> [PROBLEM DETAILS]
For this exercise, reproduce the entries below exactly, but only from the line containing "GMT Master II Bruce Wayne Gallery image" through the line containing "future-60in-hydraulic-side-shift-fork-image-1", both included.

> [DATASET EXCERPTS]

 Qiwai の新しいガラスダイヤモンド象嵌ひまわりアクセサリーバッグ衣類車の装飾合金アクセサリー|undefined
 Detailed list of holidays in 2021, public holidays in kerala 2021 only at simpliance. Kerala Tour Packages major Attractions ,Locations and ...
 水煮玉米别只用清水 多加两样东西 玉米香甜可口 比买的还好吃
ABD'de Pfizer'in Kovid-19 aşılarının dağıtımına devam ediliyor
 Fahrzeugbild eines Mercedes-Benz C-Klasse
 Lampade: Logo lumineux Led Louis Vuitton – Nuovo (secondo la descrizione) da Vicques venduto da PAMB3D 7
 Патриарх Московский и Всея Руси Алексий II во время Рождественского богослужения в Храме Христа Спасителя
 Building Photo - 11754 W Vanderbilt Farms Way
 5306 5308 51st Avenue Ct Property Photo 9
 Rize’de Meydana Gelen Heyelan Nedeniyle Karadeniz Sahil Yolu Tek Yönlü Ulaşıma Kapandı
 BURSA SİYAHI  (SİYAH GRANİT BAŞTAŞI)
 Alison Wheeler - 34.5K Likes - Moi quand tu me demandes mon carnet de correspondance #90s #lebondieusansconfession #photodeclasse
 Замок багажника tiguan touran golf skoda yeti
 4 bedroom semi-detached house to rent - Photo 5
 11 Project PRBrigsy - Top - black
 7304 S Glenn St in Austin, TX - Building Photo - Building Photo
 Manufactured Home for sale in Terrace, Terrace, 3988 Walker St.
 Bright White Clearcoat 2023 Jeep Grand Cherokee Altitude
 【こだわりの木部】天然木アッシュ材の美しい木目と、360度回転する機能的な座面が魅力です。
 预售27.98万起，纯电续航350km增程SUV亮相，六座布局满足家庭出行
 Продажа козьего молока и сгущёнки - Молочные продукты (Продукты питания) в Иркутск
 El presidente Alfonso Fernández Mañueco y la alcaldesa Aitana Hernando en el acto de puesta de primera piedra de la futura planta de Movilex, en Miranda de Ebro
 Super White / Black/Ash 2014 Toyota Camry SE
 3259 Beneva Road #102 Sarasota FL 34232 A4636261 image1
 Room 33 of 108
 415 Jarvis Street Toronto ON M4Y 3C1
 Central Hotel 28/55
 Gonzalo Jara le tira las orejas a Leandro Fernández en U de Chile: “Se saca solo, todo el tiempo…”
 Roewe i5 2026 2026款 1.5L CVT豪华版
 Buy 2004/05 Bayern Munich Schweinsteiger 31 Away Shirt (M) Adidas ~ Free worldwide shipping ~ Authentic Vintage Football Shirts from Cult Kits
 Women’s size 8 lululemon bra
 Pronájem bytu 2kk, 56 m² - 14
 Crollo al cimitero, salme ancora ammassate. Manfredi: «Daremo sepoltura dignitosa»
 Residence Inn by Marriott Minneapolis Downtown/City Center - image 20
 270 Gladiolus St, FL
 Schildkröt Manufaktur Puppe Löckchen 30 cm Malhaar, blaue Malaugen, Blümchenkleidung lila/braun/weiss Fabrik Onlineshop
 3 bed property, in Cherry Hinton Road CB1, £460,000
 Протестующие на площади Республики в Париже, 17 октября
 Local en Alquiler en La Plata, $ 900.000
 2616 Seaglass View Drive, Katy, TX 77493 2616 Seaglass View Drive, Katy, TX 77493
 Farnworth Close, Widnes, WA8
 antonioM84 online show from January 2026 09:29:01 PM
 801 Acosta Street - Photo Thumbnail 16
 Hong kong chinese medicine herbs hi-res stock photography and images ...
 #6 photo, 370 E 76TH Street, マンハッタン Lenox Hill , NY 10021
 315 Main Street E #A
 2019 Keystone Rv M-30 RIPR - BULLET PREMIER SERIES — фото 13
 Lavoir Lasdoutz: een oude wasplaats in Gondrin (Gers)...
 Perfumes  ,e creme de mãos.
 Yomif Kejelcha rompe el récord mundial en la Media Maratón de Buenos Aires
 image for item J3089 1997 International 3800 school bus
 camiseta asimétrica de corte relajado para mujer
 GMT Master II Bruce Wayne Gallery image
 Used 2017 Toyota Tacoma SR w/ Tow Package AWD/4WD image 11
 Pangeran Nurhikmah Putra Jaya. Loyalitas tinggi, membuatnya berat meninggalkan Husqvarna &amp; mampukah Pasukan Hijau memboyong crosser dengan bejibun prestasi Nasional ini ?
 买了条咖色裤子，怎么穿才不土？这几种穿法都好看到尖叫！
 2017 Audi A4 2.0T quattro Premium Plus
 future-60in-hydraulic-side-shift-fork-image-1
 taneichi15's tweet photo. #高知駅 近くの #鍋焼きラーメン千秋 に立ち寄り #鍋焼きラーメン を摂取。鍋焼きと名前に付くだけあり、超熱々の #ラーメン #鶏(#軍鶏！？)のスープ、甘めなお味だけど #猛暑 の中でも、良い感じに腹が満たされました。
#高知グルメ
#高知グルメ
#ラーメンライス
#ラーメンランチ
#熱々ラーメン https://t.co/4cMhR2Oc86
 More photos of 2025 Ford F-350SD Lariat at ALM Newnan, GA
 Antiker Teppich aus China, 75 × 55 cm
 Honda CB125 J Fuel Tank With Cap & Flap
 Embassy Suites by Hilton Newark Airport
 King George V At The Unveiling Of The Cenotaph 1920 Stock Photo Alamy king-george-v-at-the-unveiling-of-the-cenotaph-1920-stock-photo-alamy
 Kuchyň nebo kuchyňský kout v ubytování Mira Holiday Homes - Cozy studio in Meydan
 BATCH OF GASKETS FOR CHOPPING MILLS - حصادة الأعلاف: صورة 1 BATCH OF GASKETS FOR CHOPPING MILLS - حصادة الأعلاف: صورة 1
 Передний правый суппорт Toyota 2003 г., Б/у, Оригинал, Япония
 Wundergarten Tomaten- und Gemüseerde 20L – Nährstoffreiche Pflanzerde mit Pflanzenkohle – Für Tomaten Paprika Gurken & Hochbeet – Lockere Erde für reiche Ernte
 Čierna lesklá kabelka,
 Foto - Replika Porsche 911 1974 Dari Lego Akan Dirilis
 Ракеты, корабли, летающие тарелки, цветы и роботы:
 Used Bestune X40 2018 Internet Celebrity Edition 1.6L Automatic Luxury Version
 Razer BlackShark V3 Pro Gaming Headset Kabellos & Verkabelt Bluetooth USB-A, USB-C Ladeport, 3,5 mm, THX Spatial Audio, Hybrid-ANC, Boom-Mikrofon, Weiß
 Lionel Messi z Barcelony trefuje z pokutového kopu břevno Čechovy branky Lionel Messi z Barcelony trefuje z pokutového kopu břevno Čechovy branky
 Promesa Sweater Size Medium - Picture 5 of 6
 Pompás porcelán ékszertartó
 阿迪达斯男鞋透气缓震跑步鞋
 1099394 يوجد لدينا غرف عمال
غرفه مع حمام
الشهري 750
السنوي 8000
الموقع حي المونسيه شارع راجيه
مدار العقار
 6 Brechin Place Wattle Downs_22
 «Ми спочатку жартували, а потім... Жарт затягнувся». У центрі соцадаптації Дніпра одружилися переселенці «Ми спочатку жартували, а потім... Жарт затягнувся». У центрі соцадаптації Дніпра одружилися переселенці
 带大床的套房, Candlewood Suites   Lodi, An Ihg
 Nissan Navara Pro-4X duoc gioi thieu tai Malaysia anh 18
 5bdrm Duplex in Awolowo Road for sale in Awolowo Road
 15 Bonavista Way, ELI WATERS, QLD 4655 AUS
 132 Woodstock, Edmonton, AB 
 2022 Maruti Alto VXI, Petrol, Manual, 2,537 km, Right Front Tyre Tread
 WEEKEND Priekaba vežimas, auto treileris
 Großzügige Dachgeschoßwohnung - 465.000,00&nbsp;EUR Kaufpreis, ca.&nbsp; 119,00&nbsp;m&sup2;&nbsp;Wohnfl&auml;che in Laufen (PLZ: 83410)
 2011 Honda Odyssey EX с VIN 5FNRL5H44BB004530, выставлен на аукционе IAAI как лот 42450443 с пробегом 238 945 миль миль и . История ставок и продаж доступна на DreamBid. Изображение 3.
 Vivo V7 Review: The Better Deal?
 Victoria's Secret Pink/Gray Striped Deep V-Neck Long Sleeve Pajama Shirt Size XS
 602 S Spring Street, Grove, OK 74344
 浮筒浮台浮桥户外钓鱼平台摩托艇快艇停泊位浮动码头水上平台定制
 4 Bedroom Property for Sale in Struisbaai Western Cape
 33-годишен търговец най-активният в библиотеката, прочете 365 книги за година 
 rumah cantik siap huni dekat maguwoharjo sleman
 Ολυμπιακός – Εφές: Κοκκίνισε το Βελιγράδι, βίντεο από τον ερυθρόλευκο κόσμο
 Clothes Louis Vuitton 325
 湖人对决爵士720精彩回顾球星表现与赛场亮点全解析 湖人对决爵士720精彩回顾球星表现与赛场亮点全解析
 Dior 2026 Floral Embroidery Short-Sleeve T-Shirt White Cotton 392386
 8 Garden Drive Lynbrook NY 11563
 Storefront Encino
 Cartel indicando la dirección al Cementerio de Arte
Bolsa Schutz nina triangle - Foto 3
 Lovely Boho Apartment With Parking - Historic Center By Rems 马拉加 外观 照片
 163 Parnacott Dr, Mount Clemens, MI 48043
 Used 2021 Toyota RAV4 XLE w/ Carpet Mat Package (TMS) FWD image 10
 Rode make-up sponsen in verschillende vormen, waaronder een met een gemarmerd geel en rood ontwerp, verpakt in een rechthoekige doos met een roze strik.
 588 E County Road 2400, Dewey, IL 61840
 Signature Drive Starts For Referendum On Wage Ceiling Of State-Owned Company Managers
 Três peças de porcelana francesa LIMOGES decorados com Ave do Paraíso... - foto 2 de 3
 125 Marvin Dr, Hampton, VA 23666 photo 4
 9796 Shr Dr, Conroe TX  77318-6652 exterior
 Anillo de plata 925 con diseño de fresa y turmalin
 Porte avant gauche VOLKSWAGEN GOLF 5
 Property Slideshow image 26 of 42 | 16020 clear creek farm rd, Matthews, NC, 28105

> [RESPONSE]
 GMT Master II Bruce Wayne Gallery image
 Used 2017 Toyota Tacoma SR w/ Tow Package AWD/4WD image 11
 Pangeran Nurhikmah Putra Jaya. Loyalitas tinggi, membuatnya berat meninggalkan Husqvarna &amp; mampukah Pasukan Hijau memboyong crosser dengan bejibun prestasi Nasional ini ?
 买了条咖色裤子，怎么穿才不土？这几种穿法都好看到尖叫！
 2017 Audi A4 2.0T quattro Premium Plus
 future-60in-hydraulic-side-shift-fork-image-1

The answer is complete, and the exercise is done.